## Dataset items
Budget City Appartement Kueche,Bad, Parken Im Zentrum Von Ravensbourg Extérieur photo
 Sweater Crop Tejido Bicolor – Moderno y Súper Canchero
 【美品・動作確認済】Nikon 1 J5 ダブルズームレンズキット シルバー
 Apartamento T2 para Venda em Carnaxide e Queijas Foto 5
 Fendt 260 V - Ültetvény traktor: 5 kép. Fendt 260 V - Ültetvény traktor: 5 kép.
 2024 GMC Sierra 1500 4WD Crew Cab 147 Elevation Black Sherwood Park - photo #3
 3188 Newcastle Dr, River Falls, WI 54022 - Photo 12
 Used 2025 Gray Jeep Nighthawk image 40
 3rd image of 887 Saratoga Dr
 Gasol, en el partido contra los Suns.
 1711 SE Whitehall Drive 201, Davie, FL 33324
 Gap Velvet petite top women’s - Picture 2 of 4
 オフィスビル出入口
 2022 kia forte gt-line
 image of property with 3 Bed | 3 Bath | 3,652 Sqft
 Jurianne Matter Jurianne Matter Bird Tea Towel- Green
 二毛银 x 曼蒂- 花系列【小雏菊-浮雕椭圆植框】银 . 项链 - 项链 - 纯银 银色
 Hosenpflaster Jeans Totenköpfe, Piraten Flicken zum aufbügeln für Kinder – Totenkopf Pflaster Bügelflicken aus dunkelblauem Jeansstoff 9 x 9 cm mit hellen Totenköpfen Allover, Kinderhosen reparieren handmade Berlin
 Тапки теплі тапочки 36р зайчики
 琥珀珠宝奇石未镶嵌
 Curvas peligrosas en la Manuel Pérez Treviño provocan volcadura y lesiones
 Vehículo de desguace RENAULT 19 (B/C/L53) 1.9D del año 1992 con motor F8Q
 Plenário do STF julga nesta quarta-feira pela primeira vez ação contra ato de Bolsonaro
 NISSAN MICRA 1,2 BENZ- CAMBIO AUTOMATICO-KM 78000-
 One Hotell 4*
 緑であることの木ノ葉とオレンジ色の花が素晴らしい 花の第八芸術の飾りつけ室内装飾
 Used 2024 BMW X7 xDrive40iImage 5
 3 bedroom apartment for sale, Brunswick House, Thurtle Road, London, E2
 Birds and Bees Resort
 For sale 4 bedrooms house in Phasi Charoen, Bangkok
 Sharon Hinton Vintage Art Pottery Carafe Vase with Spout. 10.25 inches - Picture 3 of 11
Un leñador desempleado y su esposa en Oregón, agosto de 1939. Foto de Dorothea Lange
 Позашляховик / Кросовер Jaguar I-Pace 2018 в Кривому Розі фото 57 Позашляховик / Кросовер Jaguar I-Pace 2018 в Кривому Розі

## Your instructions
The required answer is the exact run of lines above starting at the line with "NISSAN MICRA 1,2" and ending at the line with "Un leñador desempleado", with both ends present.

## Response for this exercise
 NISSAN MICRA 1,2 BENZ- CAMBIO AUTOMATICO-KM 78000-
 One Hotell 4*
 緑であることの木ノ葉とオレンジ色の花が素晴らしい 花の第八芸術の飾りつけ室内装飾
 Used 2024 BMW X7 xDrive40iImage 5
 3 bedroom apartment for sale, Brunswick House, Thurtle Road, London, E2
 Birds and Bees Resort
 For sale 4 bedrooms house in Phasi Charoen, Bangkok
 Sharon Hinton Vintage Art Pottery Carafe Vase with Spout. 10.25 inches - Picture 3 of 11
Un leñador desempleado y su esposa en Oregón, agosto de 1939. Foto de Dorothea Lange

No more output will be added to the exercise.